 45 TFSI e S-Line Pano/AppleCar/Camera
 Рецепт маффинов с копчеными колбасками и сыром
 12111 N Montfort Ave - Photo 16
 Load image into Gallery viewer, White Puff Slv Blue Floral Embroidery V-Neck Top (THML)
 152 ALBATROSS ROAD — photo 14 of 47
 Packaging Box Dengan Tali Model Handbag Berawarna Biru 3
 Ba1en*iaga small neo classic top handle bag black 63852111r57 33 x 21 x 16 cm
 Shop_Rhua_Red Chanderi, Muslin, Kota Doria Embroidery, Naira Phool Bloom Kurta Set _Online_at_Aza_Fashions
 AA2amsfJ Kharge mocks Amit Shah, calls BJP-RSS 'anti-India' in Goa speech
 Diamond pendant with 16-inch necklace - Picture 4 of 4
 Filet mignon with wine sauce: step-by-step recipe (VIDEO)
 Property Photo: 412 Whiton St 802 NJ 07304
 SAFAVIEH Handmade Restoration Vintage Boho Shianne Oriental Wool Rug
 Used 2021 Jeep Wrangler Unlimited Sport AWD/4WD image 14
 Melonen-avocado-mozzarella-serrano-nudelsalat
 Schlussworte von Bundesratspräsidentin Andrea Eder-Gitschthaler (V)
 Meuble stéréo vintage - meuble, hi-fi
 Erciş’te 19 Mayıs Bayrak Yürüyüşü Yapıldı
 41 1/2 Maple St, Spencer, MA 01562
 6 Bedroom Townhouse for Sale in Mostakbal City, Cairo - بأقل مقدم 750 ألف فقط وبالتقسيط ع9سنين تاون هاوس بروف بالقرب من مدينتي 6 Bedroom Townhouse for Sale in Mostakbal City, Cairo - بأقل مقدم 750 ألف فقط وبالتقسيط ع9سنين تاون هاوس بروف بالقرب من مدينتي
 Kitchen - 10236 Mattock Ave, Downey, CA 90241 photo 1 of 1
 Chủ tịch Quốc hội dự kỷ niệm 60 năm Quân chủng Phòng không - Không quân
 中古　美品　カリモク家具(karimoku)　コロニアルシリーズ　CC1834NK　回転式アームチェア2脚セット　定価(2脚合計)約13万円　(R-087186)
◇ ◇ ◇ ◇
* Exercise aim
The response is the exact set of lines from the one holding "Рецепт маффинов с" through the last line of the material.

* Reply to the exercise
 Рецепт маффинов с копчеными колбасками и сыром
 12111 N Montfort Ave - Photo 16
 Load image into Gallery viewer, White Puff Slv Blue Floral Embroidery V-Neck Top (THML)
 152 ALBATROSS ROAD — photo 14 of 47
 Packaging Box Dengan Tali Model Handbag Berawarna Biru 3
 Ba1en*iaga small neo classic top handle bag black 63852111r57 33 x 21 x 16 cm
 Shop_Rhua_Red Chanderi, Muslin, Kota Doria Embroidery, Naira Phool Bloom Kurta Set _Online_at_Aza_Fashions
 AA2amsfJ Kharge mocks Amit Shah, calls BJP-RSS 'anti-India' in Goa speech
 Diamond pendant with 16-inch necklace - Picture 4 of 4
 Filet mignon with wine sauce: step-by-step recipe (VIDEO)
 Property Photo: 412 Whiton St 802 NJ 07304
 SAFAVIEH Handmade Restoration Vintage Boho Shianne Oriental Wool Rug
 Used 2021 Jeep Wrangler Unlimited Sport AWD/4WD image 14
 Melonen-avocado-mozzarella-serrano-nudelsalat
 Schlussworte von Bundesratspräsidentin Andrea Eder-Gitschthaler (V)
 Meuble stéréo vintage - meuble, hi-fi
 Erciş’te 19 Mayıs Bayrak Yürüyüşü Yapıldı
 41 1/2 Maple St, Spencer, MA 01562
 6 Bedroom Townhouse for Sale in Mostakbal City, Cairo - بأقل مقدم 750 ألف فقط وبالتقسيط ع9سنين تاون هاوس بروف بالقرب من مدينتي 6 Bedroom Townhouse for Sale in Mostakbal City, Cairo - بأقل مقدم 750 ألف فقط وبالتقسيط ع9سنين تاون هاوس بروف بالقرب من مدينتي
 Kitchen - 10236 Mattock Ave, Downey, CA 90241 photo 1 of 1
 Chủ tịch Quốc hội dự kỷ niệm 60 năm Quân chủng Phòng không - Không quân
 中古　美品　カリモク家具(karimoku)　コロニアルシリーズ　CC1834NK　回転式アームチェア2脚セット　定価(2脚合計)約13万円　(R-087186)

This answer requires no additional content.